Initially, we were going to code our program in C. After some time working on the serial version in C, we decided to pivot to Java threads as Java has more better features for multithreading.If users have different operating systems, it is more challenging to program with Pthreads, as Pthreads are platform dependent because you need a UNIX like system.
Java has synchronized blocks and locking/unlocking that makes it easier to share the priority queue. Java threads are platform independent which makes it easier for us to work. Multithreading gives us more control in parallelization compared to message passing. Java does not use any garbage pointers, which reduces the chances of memory management errors. Java has a big library for multithreading which has thread safe data structures such as the ConcurrentLinkedQueue which was used in our program. The ConcurrentLinkedQueue is a thread safe queue with built-in methods for queues such as peek(), poll(), and pop().

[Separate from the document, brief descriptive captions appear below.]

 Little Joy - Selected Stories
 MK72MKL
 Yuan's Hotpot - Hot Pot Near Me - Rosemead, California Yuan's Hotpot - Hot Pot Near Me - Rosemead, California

Name | |V| | |E| | Start | End |
---|---|---|---|---|
RPI | 73 | 85 | NY2@CR139 | NY378/US9 |
London | 2269 | 3425 | A414/A1019/A1169 | B2036/B2037 |
Wolf Creek | 128 | 128 | CO149@SanJuanDr | CO17Ant@CRD.5 |
Flagstaff | 349 | 413 | US160@BIA16 | AZ89@ESCWAY |
NY | 6774 | 8077 | NY18@OldLakeRd | NY27@End |
United States | 186250 | 221643 | US82Bus_E/US271Bus_S | MA10@EarSt |
Threads | RPI | London | Wolf Creek | Flagstaff | NY | USA | ||||||
---|---|---|---|---|---|---|---|---|---|---|---|---|
MS | Mi | MS | Mi | MS | Mi | MS | Mi | MS | Mi | MS | Mi | |
1 | 100 | 9.59 | 305 | 68.92 | 111 | 184.64 | 181 | 282.82 | 229 | 582.23 | 4826 | 1853.50 |
2 | 94 | 9.59 | 311 | 64.92 | 116 | 184.64 | 162 | 282.82 | 212 | 582.23 | 4808 | 1857.72 |
4 | 92 | 9.59 | 312 | 64.92 | 1114 | 184.64 | 181 | 233.84 | 193 | 593.86 | 5002 | 1871.49 |
8 | 93 | 9.59 | 286 | 64.92 | 157 | 184.64 | 187 | 239.22 | 204 | 580.36 | 6859 | 1846.38 |
16 | 98 | 11.57 | 303 | 64.92 | 559 | 184.64 | 192 | 238.82 | 205 | 595.92 | 6006 | 1859.99 |
32 | 99 | 9.59 | 307 | 61.14 | 513 | 184.64 | 172 | 272.29 | 354 | 591.99 | 5891 | 1910.97 |
64 | 108 | 11.27 | 302 | 88.76 | 1837 | 184.64 | 198 | 272.29 | 238 | 636.88 | 14213 | 1880.99 |
128 | 107 | 6.61 | 318 | 64.92 | 486 | 184.64 | 232 | 272.29 | 290 | 587.94 | 65829 | 1973.67 |
We noticed there is not a big speedup with multiple threads. This is because the threads don’t have a lot of work to do before locking and unlocking which causes overhead. A lower number of threads is better, specifically two, four, or eight threads, because we get too much overhead with a large number of threads. This is shown in the NY graph. The shortest path is also approximated when using more than one threads. The best number of threads, whether it is two, four, or eight, depends on the graph. We get a different answer in the parallel version with each run, as the shortest path found is close to the serial version, which is always the correct answer. With parallelizing the program, the sacrifice we make for speedup is an approximation of the shortest path. However, sometimes the parallel version gives us the correct shortest path. Having four threads for this map is the most efficient number to solve the problem, although it can be slower than the one thread version.